The other Merah: How a French jihadist’s brother fights radicalisation
He is the brother of jihadist Mohamed Merah, who four years ago killed three soldiers and four Jews, but in his radicalised family it is Abdelghani who is seen as the black sheep.world Updated: Apr 22, 2016 12:39 IST
He is the brother of jihadist Mohamed Merah, who four years ago killed three soldiers and four Jews, but in his radicalised family it is Abdelghani who is seen as the black sheep.
Abdelghani Merah has light brown eyes, a shaven head and a surname immediately associated with terror in France, but after losing everything because of his brother’s acts he has found a calling: deradicalising youngsters drawn to jihad.
In an interview with AFP, he says he will never forget the morning in March 2012 when he turned on the television and recognised the street where his brother lived, now crawling with security forces.
It hit him that the man who had been riding around on a scooter, shooting soldiers in the southern French city of Toulouse and nearby Montauban, and then a rabbi and three Jewish children in Toulouse a few days later, was his younger brother Mohamed.
“I rushed to the scene, in a panic. The police thought I wanted to attack them -- but I wanted to help them negotiate with Mohamed,” he said.
Mohamed was killed in a firefight with the police after a stand-off lasting about 30 hours.

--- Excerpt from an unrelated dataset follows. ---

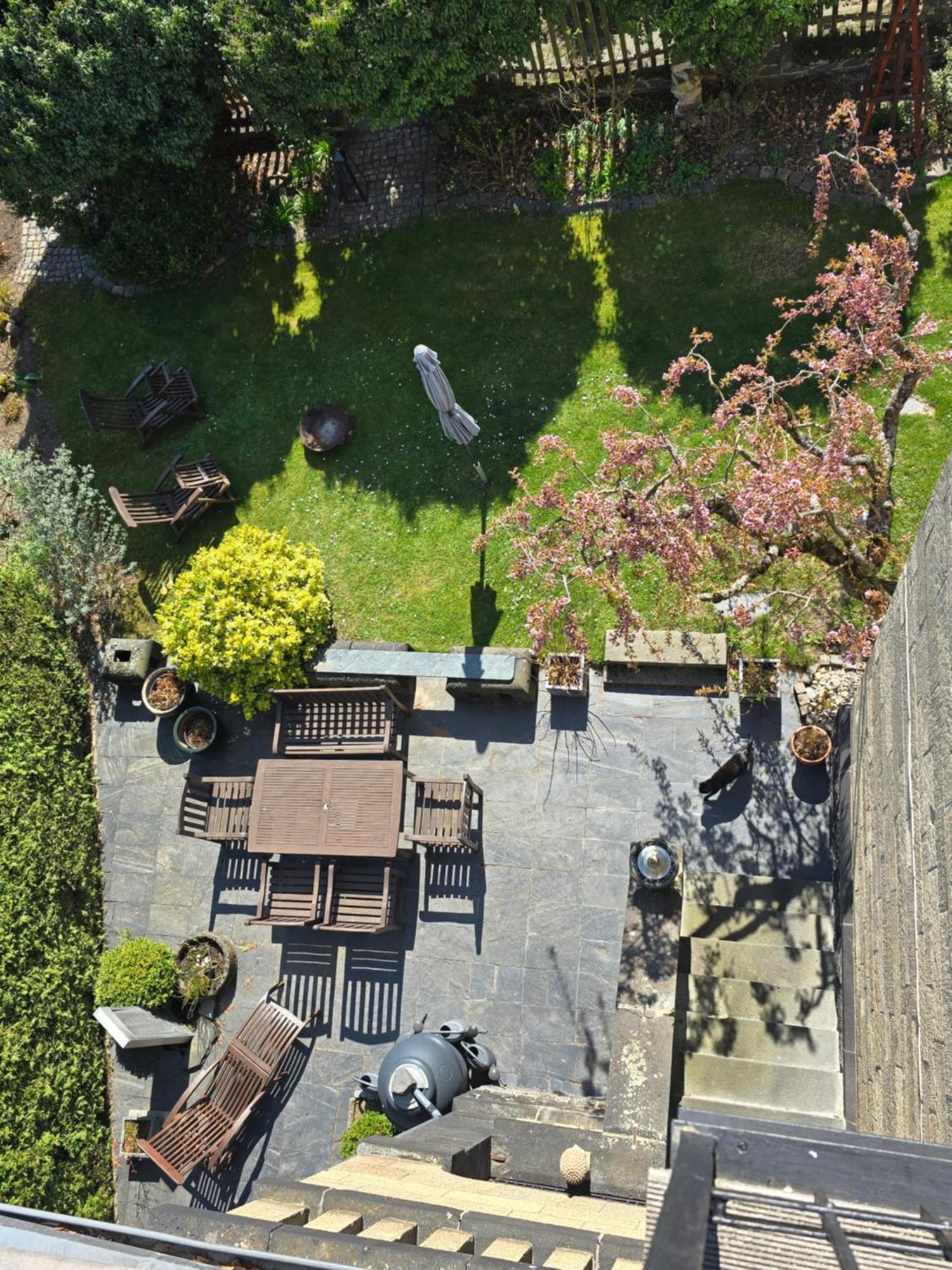 Villa Valerius Kottenheim Bagian luar foto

None of these events took Abdelghani, who is around 40, by surprise.
He accuses his Algerian parents of sowing “fertile ground” for radicalisation and anti-Semitism among his brothers and his sister Souad.
“My mother always said that Arabs are born to hate Jews. And my father thought that Palestinians were right to carry out suicide bombings and that the Israelis got what they deserved.”
In 2003 he said he warned police that “my other brother Kader was calling himself Bin Laden”.
A known Salafist, Abdelkader Merah had been under closer scrutiny by intelligence services than Mohamed and is now facing charges of complicity in his brother’s attack, which he denies.
Abdelghani cannot quite say why he never absorbed his parents’ hatred like his siblings did.
“I was quite a good goalkeeper, and sought after by reputable football clubs, maybe that is where my openness comes from,” says the man who later lost the use of one of his arms in a motorbike accident.
He endured a series of painful clashes with his family.
First he fell in love with a woman who had a Jewish grandfather, which so revolted his brother Abdelkader that he stabbed him seven times during an argument.
In another incident he secretly filmed his sister saying she was “proud” of what Mohamed had done, for a television documentary.
Abdelghani also wrote a book titled “My Brother, the Terrorist”, to denounce the climate of hatred in his family and to counter growing hero-worship of his brother by young Muslims.
“To them, I did the worst thing possible ... I lost all my friends overnight,” Abdelghani said.
“I thought I was relieved after writing my book, but in fact I was depressed. My family was angrier at me than at Mohamed.
“I felt so much pain for them, they didn’t realise what they were doing by idolising him like that. (To them) he didn’t kill children, but Jews.”
Sinking into despair, Abdelghani broke up with his girlfriend and found himself homeless and jobless as his surname increasingly poisoned his life.
‘Breaking the myth’
Then one day, Mohamed Sifaoui, the journalist who helped him write his book, invited him to a meeting in Paris on de-radicalisation where he met with the association Entr’autres (Among Others) working with youngsters drawn to jihad.
He decided to join them.
“Abdelghani brings the truth about his brother’s character. He breaks the hero-worship. He shows that political religious extremism comes from within the family, like in Nazism,” said Patrick Amoyel, a professor in psychopathology and founding member of Entr’autres.
“I have something to offer, I can break the myth around Mohamed, tell youngsters that my brother was weak (and) his mind was stolen,” Abdelghani said.
As for the mothers of these lost teens: “I try to comfort them, tell them that what they are doing is essential. If Mohamed had had their love, he would never have become Mohamed Merah.
“I also warn them: if there is a Salafist in the family, you must separate him from the others, because the attacks in Brussels and Paris show clearly the role brothers can play in jihad.”